First: Watch this
I was a strange kid. That is an affliction most writers have, isn’t it? That’s why we stop telling stories out loud and instead put them on paper. You’re weird if you are talking about fictional characters but writing about them is totally okay.
Anyway, I was strange. I was socially awkward. I was smart-school always came easy to me-but I didn’t interact well with other people. I never really learned and the older I’ve gotten the less I’ve cared to learn. To my own detriment, I know.
I had my best friend from kindergarten until fifth grade when she got pretty and I was still homely and she wanted nothing to do with me. Then I had a best friend from 7th grade until 10th grade when we had a falling out. My fault, I will admit. I still miss him sometimes.
I haven’t had a best friend since. Not unless you count my sister.
Sam thinks I’m weird because of this. Maybe I am. But I’m rambling…
The point is, I have spent the majority of my life in my head. The friends I had I only had during the school year.During the summer I was on my own again.
I spent-and still spend-days in bed with a book. The characters I could understand. The characters reached out from their pages and whispered “you’re okay” They still do. I still need that. When a person tells you you are going to be okay I can’t help but feel they are lying. Sometimes to make you feel better-mostly to make themselves feel like they were helpful so they can go about their lives. I don’t blame them, but I don’t trust it either.
That’s part of the socially awkward thing.
When a character in a book tells you that you aren’t so strange it’s not out of pity. It’s not an attempt to brush your feelings under the rug so you can go back to talking about them.
When a character reaches out and tells you that they love you and you’re not so weird…it’s different. It’s never literal, obviously. No character is breaking the fourth wall to turn and look at you and say “you’re all right kid” It’s more that you find yourselves in the characters that you read.
I found the Amanda Palmer video on Facebook. She did a concert series “An Evening With Neil Gaiman and Amanda Palmer” a while back and now they are releasing the documentary. She posted the first part of the documentary and that was near the end of the 11 minutes. If you are interested in watching it, you can find it here
I found myself tearing up, ridiculously, because I understood. Because I had the Judy Blume books. I had the Hardy Boys and Nancy Drew and the Boxcar Children. I loved the Boxcar Children. I would spend days laying on my floor and reading those books.
Later I had Harry Potter and Artemis Fowl.

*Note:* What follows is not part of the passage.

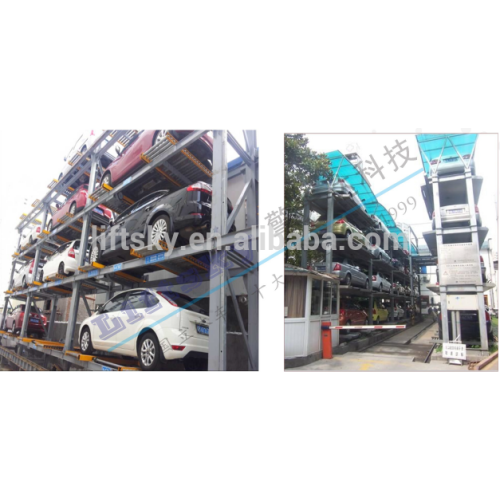 Bilateral aisle-stacking Parking System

Which is why I wanted to share the song.
Because I was reminded for a few minutes of being the scared, socially awkward, teased little girl sitting on the wall with a book. Because characters were always nicer to me than people.
I’m still that scared, socially awkward little girl. I’m just packaged in big girl clothing now. I still don’t know what to say to people when I meet them or even until I’ve met them a few times. I’m still awkward for the first few hours to about a day when Sam’s dad stays with us and he and I have been together 3 years.
When whoever I was talking with leaves, I rapidly become convinced until I see them again that they wanted nothing to do with me. They were being polite. I dissect every single facial expression and turn of phrase to justify my insecurities. It drives Sam-who is self-confident in everything he does-insane.
But despite everything, I still have my shelves and shelves of books. I still have my shelves and boxes of characters who love me just for opening the pages and spending some time with them. They don’t judge or criticize. They don’t try to fix me. They are off having their own adventures and are happy to have me along.
Words are important. They have power just in being written or said or even read. I think that is why so many people crave to be writers and identify themselves as such even if they haven’t written a word in years. Because all of us need those characters. All of us need someone-fictional or otherwise-to sit with us and accept us when we can’t find the strength to accept ourselves. Sometimes that character is one we create ourselves.’
You are not weird. You are not ugly. You are not useless. You have purpose. You define who you are. You define your worth. Not the media, not your parents or your boyfriend or your friends. You. Anyone who tells you otherwise isn’t seeing you clearly.